# Second Dunedin Electric Car Talk



## Jens Rekker (Oct 26, 2007)

Warren posted a question in the Calling All Kiwis thread about the venue size for the second Dunedin EV talk.

My reply is repeated for this thread below:

The venue size is 300 people this time. We will be promoting it in the Star and DScene again. But, I just can't see more than 300 bodies turning up. All the same, I would probably turn up a bit early. We'll try and organise some EV related vids to keep folks entertained until the main act (Me).
We have some interest in doing a similar presentation in Invercargill in July and Christchurch in mid-August. So, if folks in either of those towns can let us know if there is interest, we try gauge the venue size again([email protected] <mailto[email protected]>).
And before anyone asks, the Dunedin EV talks aren't selling anything or backed by any sort of business. We bring our experience in doing our own conversions and you can bring your questions for us to try and answer. What you do with the information is up to you.


----------



## Peperziz (May 15, 2008)

Hi Jens. Will this pretty much be a repeat of the first one? I was at the first one and it was quite good IMO. I'm currently looking for a donor car and I've just moved into a house with a garage so I'm getting there. No doubt I'll have some questions for you and other converters later on in the process.


----------



## Jens Rekker (Oct 26, 2007)

Hi
Thanks for the positive feedback. The second talk will be essentially a repeat of the first talk. The question and answer session may provide some fresh interest, since I felt folks at the first talk were still letting it soak in. People who saw the first talk are welcome, but probably won't hear much new unless they ask me pointy questions.

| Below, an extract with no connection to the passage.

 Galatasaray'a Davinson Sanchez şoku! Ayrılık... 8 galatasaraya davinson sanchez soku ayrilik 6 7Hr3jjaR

I will have my ute parked outside and show people around the conversion that I did on it. It's still not registered, although it has passed it's main certification inspection. I have to wait for the original certifier to return from his holiday to get the certification plates. But, I'll take the risk of being pulled up to let people see it. Mike will also have his lithium Mini there for folks to look over again. My ute represents the low energy density approach and more modest cost, while the lithium Mini represents the light weight, high efficiency and higher cost end of the conversion spectrum.


----------



## Jens Rekker (Oct 26, 2007)

Well, the 2nd Dunedin EV Talk is done and dusted.

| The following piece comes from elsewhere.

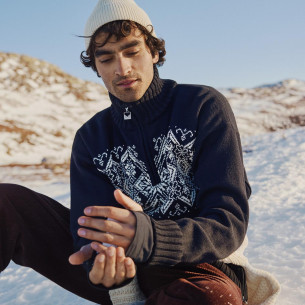 ROSET MASCULINE WEATHER PROOF SWEATER DALE OF NORWAY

The EVent gathered over 200 people. I was glad we secured a bigger venue, it would have killed me to turn folks away again!

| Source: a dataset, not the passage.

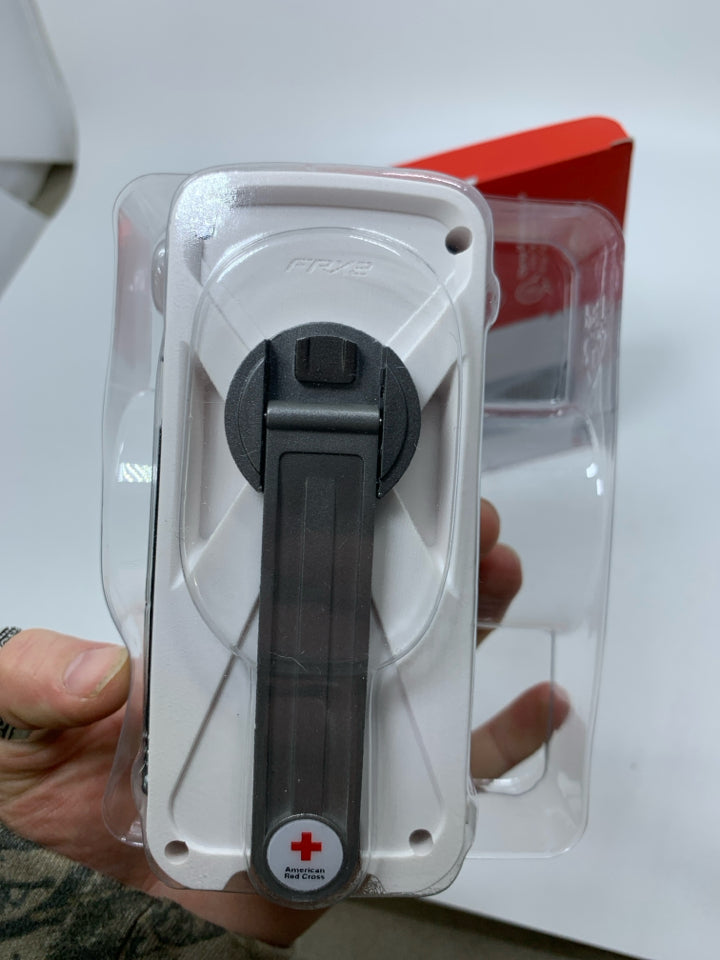 NIB HAND TURNBINE AM/FM WEATHER RADIO.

The questions were once again high quality and showed people were really thinking. Feels like there a momentum buliding around town. I look forward to see the EV conversion morphing into shape over the next year.

The press report is at
http://www.odt.co.nz/your-town/dunedin/11523/electric-cars-again-power-big-crowd

Next talk scheduled for early August in Invercargill (organised by SIT) and mid August in Christchurch. Hope to some of you then.

You can still order a copy of the DVD of the talk plus the presentation for $18 from Mike Laba ( [email protected] ).


----------



## KiwiEV (Jul 26, 2007)

Hey Jens, I was sent a newspaper clipping from my dad who lives in Akaroa, with Mike Laba mentioned in it. You got quite a mention too. They listed some basic specs of your and Mike's EV's and info about the initial EV Talk you held. It was a buzz reading an article in the paper about someone you know. I just wanted to say hats-off to you and your success in spreading the word on EV's and filling the lecture theater! Top effort mate!


----------



## Jens Rekker (Oct 26, 2007)

Thanks Gav

On the back of the press publicity from the second Dunedin EV talk, I was invited to be interviewed by Marcus Lush on RadioLive on the subject of electric utes. The audio podcast is on the following URL:

http://www.radiolive.co.nz/OnAirHosts/MarcusLush/AudioPodcast/tabid/181/Default.aspx

Look for "Utes running off battery power"

As you found yourself, there is an initial interest in newspapers and radio, but it tapers off eventually. Perhaps we need to think of some EV stunts to keep it in the media. Any volunteers?

We also made a surplus from the gold coin collection because of all of the people that turned up. Paid the venue hire invoice and donated the surplus of $75 to a local food bank.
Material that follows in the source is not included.